A.G. Schneiderman Announces Guilty Plea Of Heroin Distributor Who Funneled Drugs Into Dutchess County

Jason Brewster Will Face 10 Years In State Prison

NEW YORK – Attorney General Eric T. Schneiderman announced the guilty plea of Jason Brewster, a major heroin distributor who sold drugs in Dutchess County. Brewster, of Poughkeepsie, pled guilty today to Criminal Sale of a Controlled Substance in the First Degree, a class A-1 felony. He will be sentenced on September 5th to 10 years in state prison.

As uncovered during a joint investigation involving the Attorney General’s Organized Crime Task Force (OCTF) and the New York State Police Special Investigations Unit (SIU), with assistance from the Dutchess County Drug Task Force (DCDTF), Brewster initially sold in excess of 260 grams of heroin to an informant, with a street value of more than $16,000.  Between October 2015 and February 2016, Brewster made six such sales to the informant.  Brewster sold heroin on a regular basis out of his home where children were present, and in other locations in and around Poughkeepsie, including a location right near the S.F.B. Morse Magnet School, located at 101 Mansion Street in the City of Poughkeepsie.

“Deadly drug traffickers like Jason Brewster fuel and exploit the opioid epidemic that’s tearing families apart across New York,” said Attorney General Schneiderman. “We will continue to partner with local law enforcement partners to find and prosecute dangerous criminals who deal death in our communities.”

Brewster was apprehended on May 23, 2017 after a fifteen-month manhunt conducted by the Attorney General’s OCTF, NY State Police SIU, and DCDTF. Ultimately, Brewster returned to his Poughkeepsie residence and was captured by law enforcement who had been surveilling the house.

In the past four months alone, Attorney General Schneiderman’s new Suburban and Upstate Response to the Growing Epidemic (“S.U.R.G.E.”) Initiative—a crackdown on New York’s growing heroin, opioid, and narcotics trafficking networks—has resulted in 246 alleged traffickers and dealers taken off the streets across New York, through Operation Bricktown, Operation Un-Wise, Operation Gravy Train, Operation Bloodsport, Operation Pipeline, and Operation Wrecking Ball.

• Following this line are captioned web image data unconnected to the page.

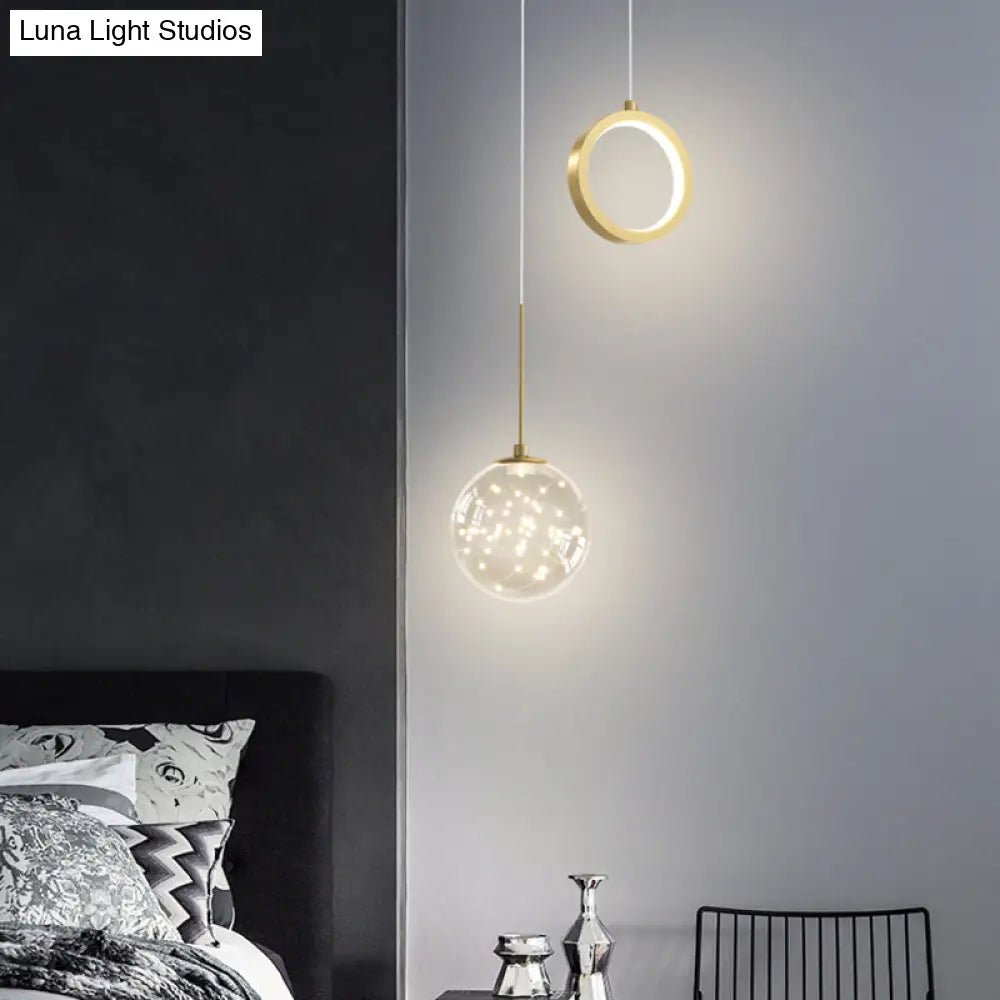 Minimalist Gold Starry LED Pendant Light for Bedroom with Glass Ball and Ring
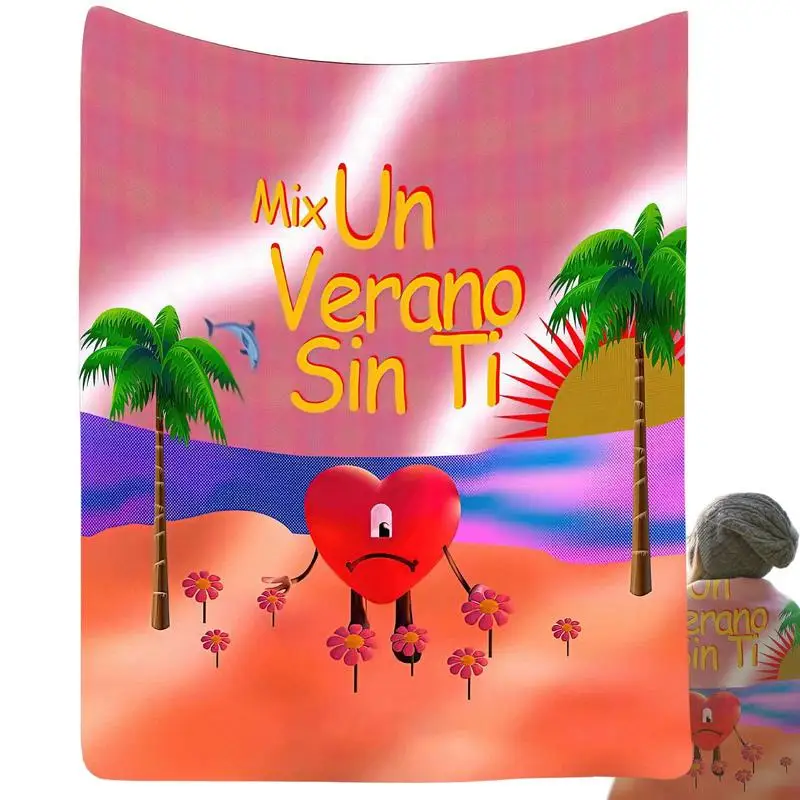 

Bad Cute Bunny Canvas Blanket Un Verano Sin Ti Singer Printed Plush Bed Blanket Throw For Bedroom Portable Blanket Warm Bedding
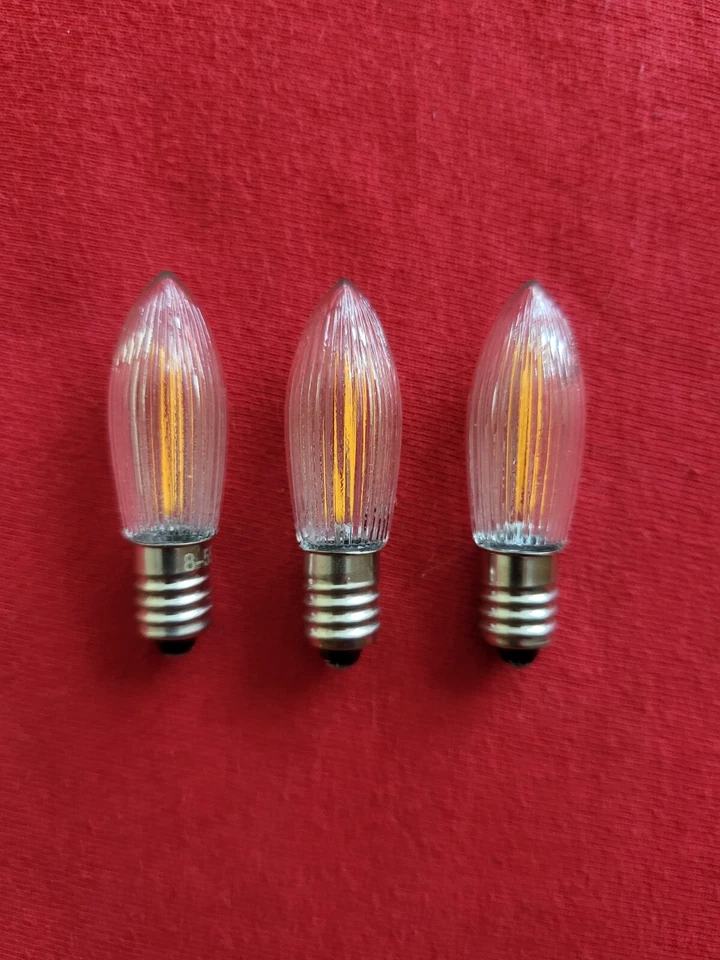 LED Filament E10 Topkerzen Riffelkerze Ersatzbirnen warmweiß multirange 8-55 V - Bild 3 von 3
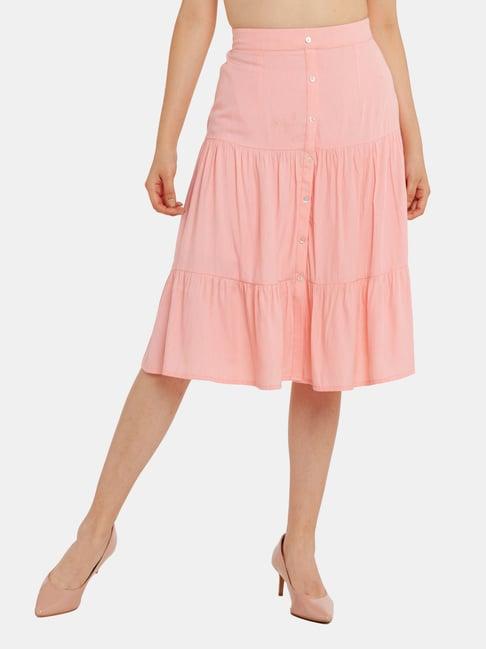 zink london pink below knee skirt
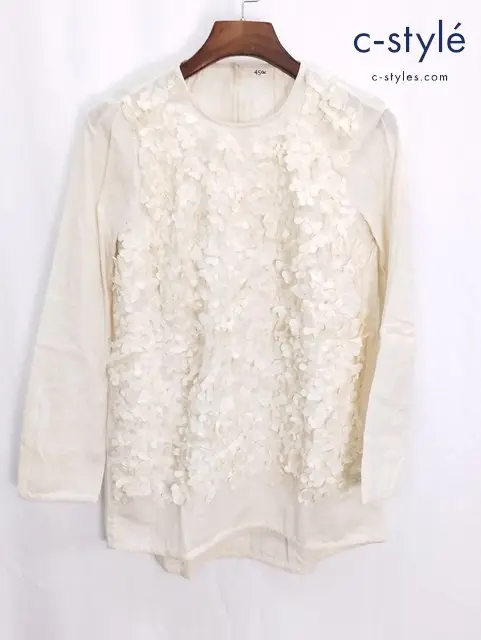 45R フォーティファイブアール ブラウス 2 ベージュ系 フラワー 花 コットンシルク
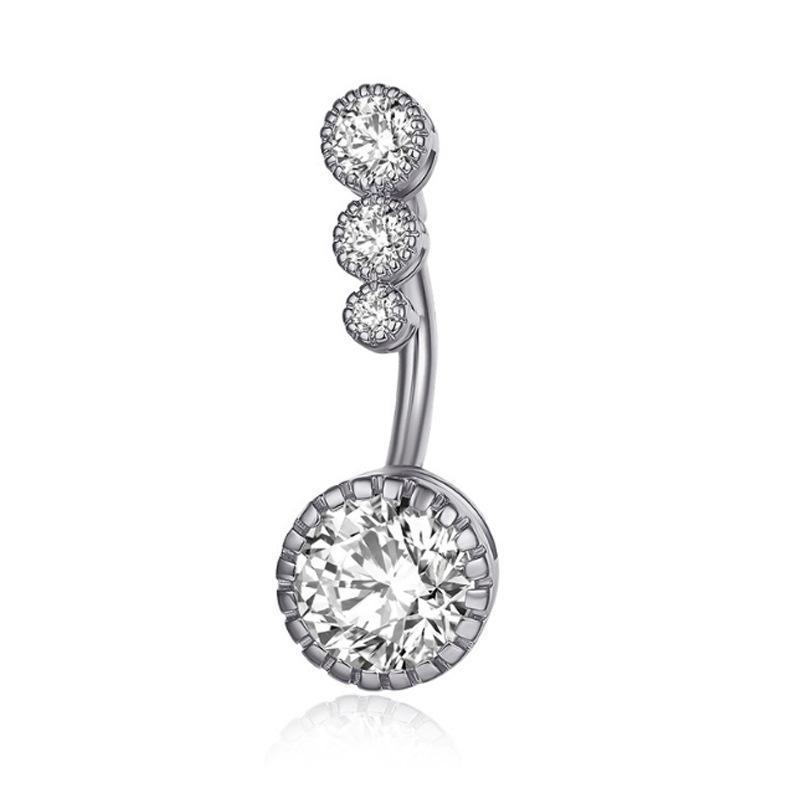Belly Button Rings Bar Navel Steel Copper Zirconia Piercing Body Piercing - Gold
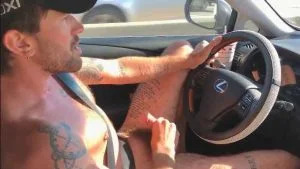 JustTheGays thumbnail for Jerking off while driving for Uber – Chris Damned - amateur gay porn from OnlyFans, MyVidster, GayForFans and more! - 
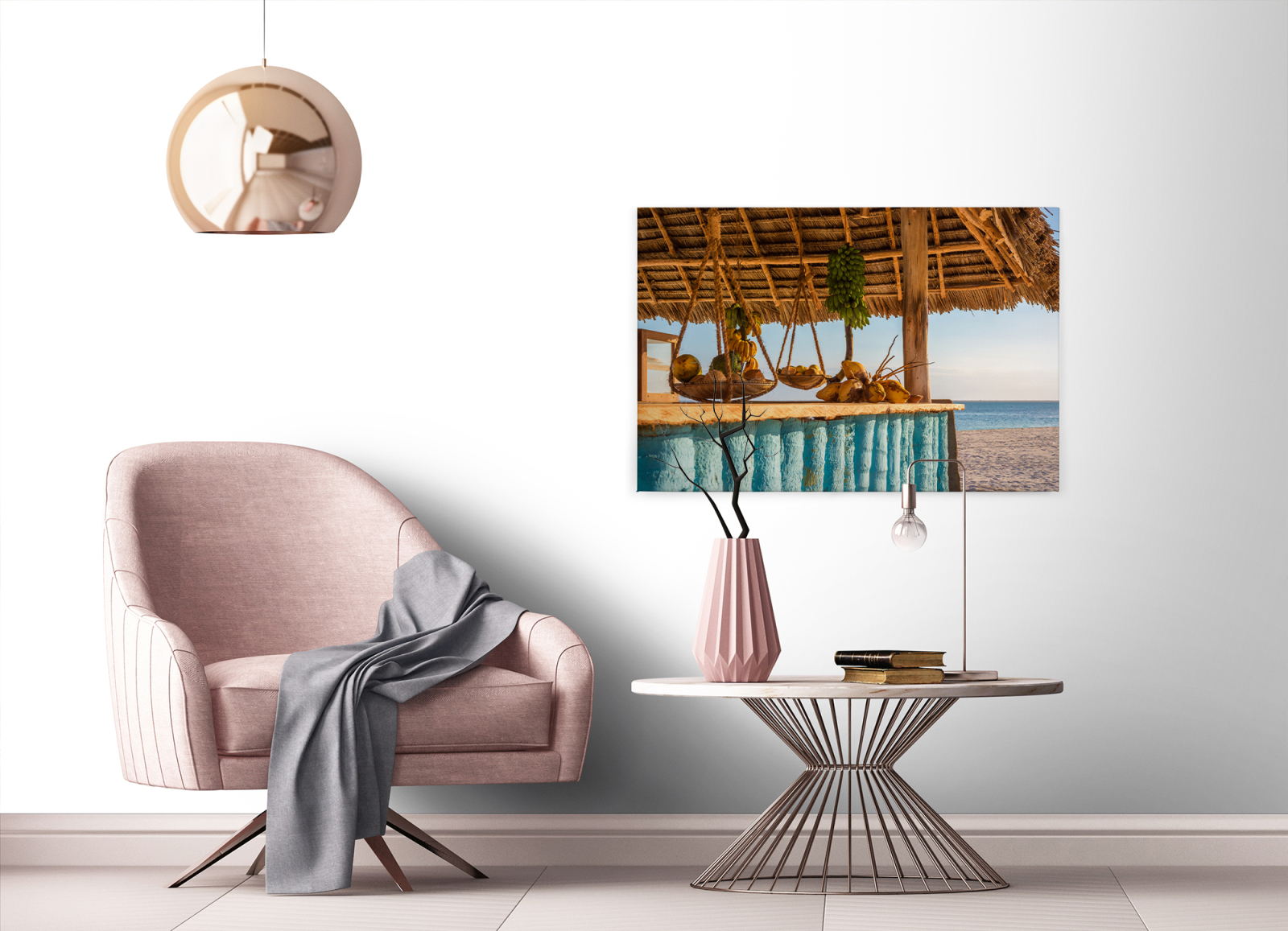 Leinwandbild BEACH BAR - türkis-beige - 90x60 cm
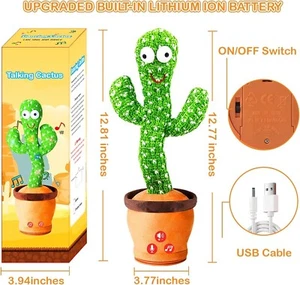 Storio Rechargeable Toys Talking Cactus Baby Toys for Kids Dancing Cactus Toys - Picture 1 of 8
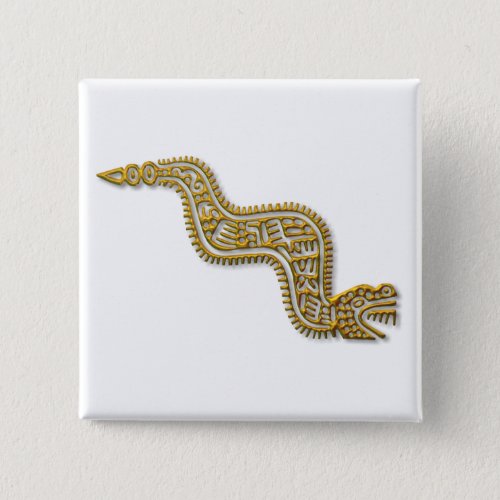 Mayan Serpent_gold Pinback Button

The S.U.R.G.E. Initiative targets gangs and individuals who deal heroin and opioids and commit acts of violence in suburban and upstate communities across New York State. The Attorney General’s Organized Crime Task Force works closely with federal, state, and local law enforcement to investigate, arrest, and prosecute those criminals.

In addition to prosecuting major drug traffickers, the Attorney General is taking other steps to combat the heroin crisis in New York. Attorney General Schneiderman has obtained settlements with health insurers to remove barriers to life saving treatment for opioid use disorder, spearheaded the I-STOP program to enable doctors and pharmacists to report and track controlled narcotics in real time, and secured an agreement with Amphastar Pharmaceuticals, Inc. to cut and cap the price of naloxone for all agencies in New York State. The office has also aggressively enforced laws that require parity in health plan coverage of mental health and addiction treatment, reaching agreements with several companies.

This case is being prosecuted by OCTF Assistant Deputy Attorney General Brandi S. Kligman. Deputy Attorney General Peri Alyse Kadanoff runs the Attorney General’s Organized Crime Task Force.